Dall’altra parte del fiume Mississippi, i campioni in carica dei Mikwaukee Bucks hanno invece mancato l’occasione di scavare un solco forse decisivo tra sé e i Celtics. 116-108 il risultato finale a favore di Boston, trascinata da un Horfod strepitoso su entrambi i lati del campo e da un Tatum da 30 punti e 13 rimbalzi.
Giannis Antetokounmpo ha firmato la solita doppia doppia da 34 punti e 18 rimbalzi, a cui vanno aggiunti anche 5 assist (nella storia dei playoff solo LeBron James e un certo Larry Bird hanno collezionato più partite da 30 punti, 10 rimbalzi e 5 assist), ma alla fine le percentuali dal campo del mostro greco non sono state poi così buone, anche perché il veterano Al Horford oltre a limitarlo nella sua metà campo a sua volta ha segnato 30 punti.
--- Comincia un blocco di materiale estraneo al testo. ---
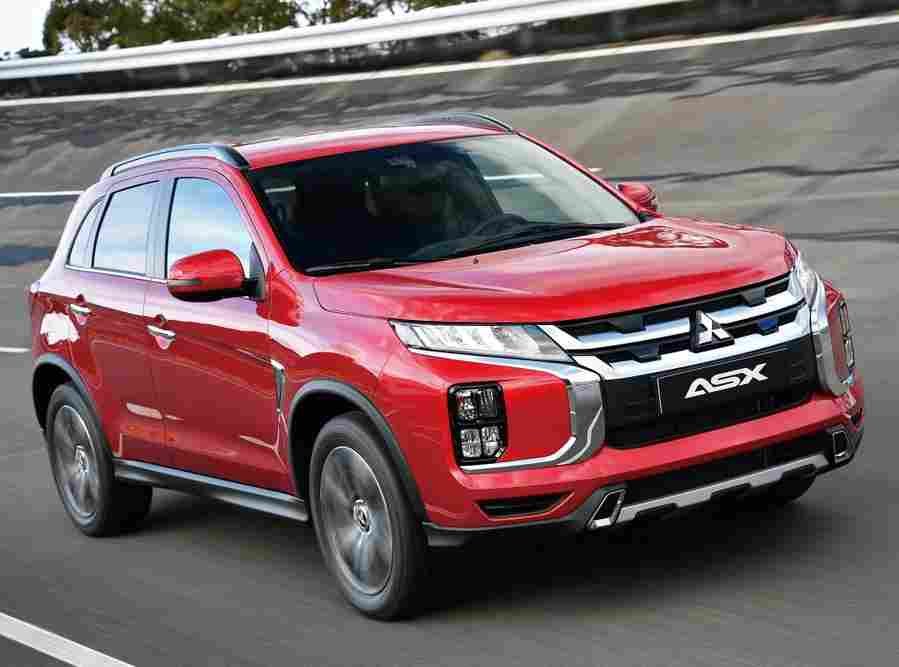 MITSUBISHI ASX 6509 19 Car A4 Photo Print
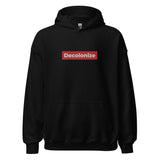 Red Label Embroidered Decolonize Hoodie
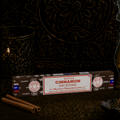 Satya Cinnamon Incense Sticks 16g package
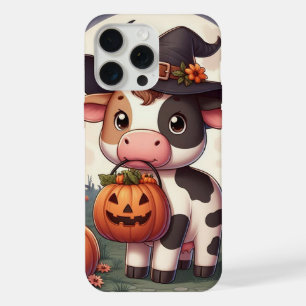 Jolie vache sorcière d'Halloween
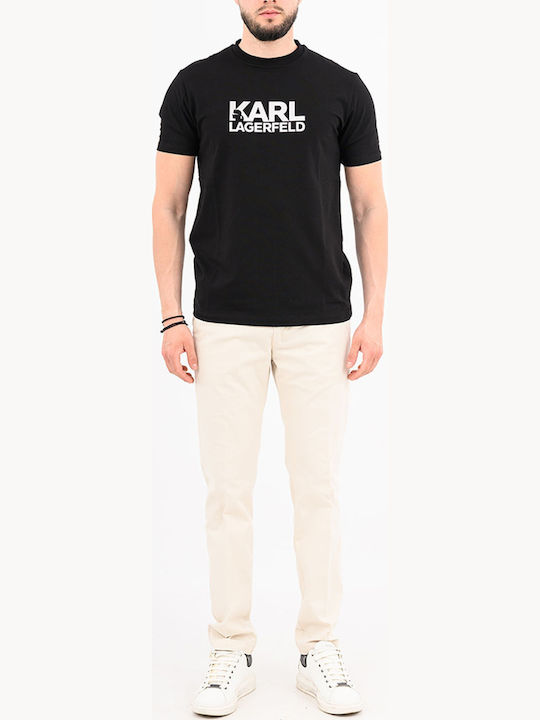 Ανδρικό Παντελόνι Chino Ελαστικό Slim Fit Ivory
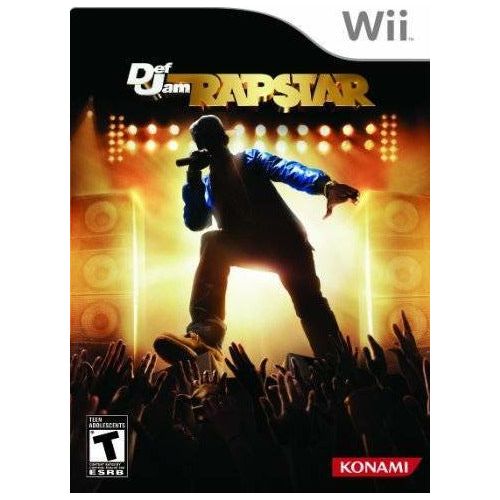 Wii - Def Jam Rapstar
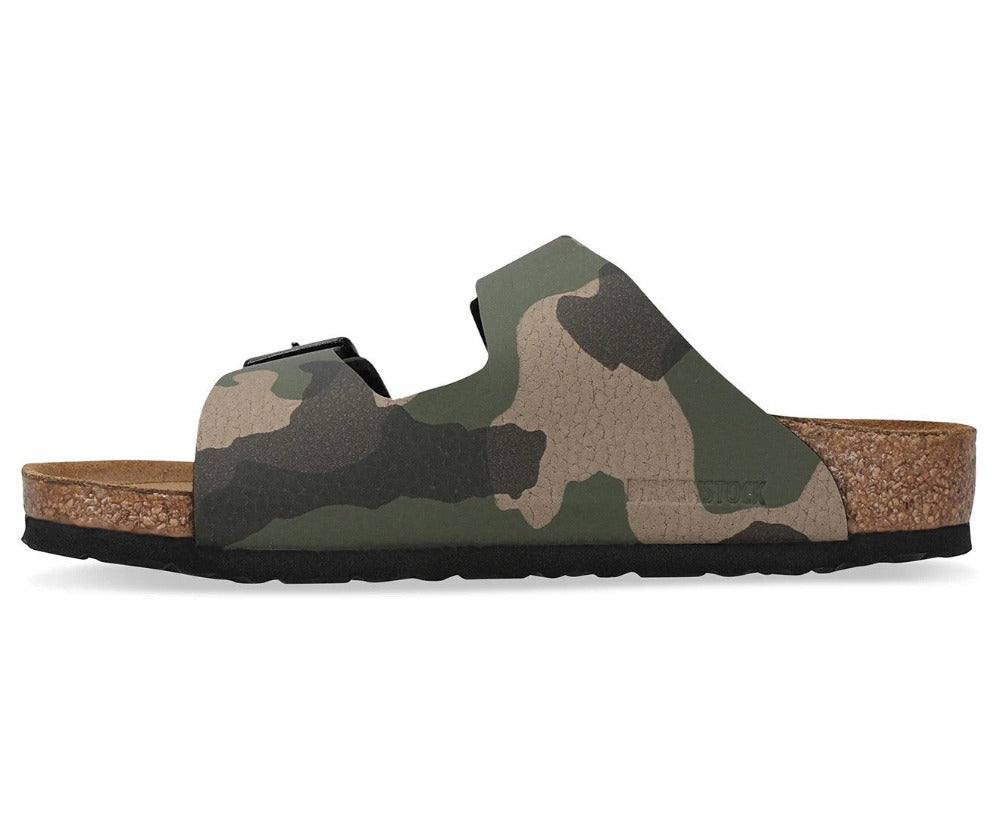 Birkenstock Kids' Arizona Regular Fit Sandals - Desert Soil Khaki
La serie è tornata così in parità, così come quelle tra Miami e Philadelphia e tra Phoenix e Dallas: e ora tocca al pivotal game, gara-5.
Intanto è stato anche assegnato il premio di MVP (miglior giocatore) della stagione regolare, finito per il secondo anno consecutivo tra le impareggiabili mani di Nikola Jokic.
Il centro serbo dei Denver Nuggets, già tagliato fuori dalla corsa al titolo, al termine di un’annata mai vista da 2.000 punti e 1.000 rimbalzi, si è confermato la stella più brillante di tutte, con buona pace di Joel Embiid, che sembrava pronto per questo riconoscimento.
Il Joker ha fatto doppietta come Antetokounmpo tra il 2019 e il 2020 ma anche Steve Nash tra il 2005 e il 2006, confermando l’internazionalizzazione del campionato più bello del mondo, in cui ha primeggiato anche Dirk Nowitzki a inizio millennio.
In mezzo ovviamente c’è stato ampio spazio per LeBron James, capace di vincere quattro volte in cinque anni un premio che non sempre per non dire di rado finisce poi nelle mani di un giocatore che a fine anno si laurea campione della NBA.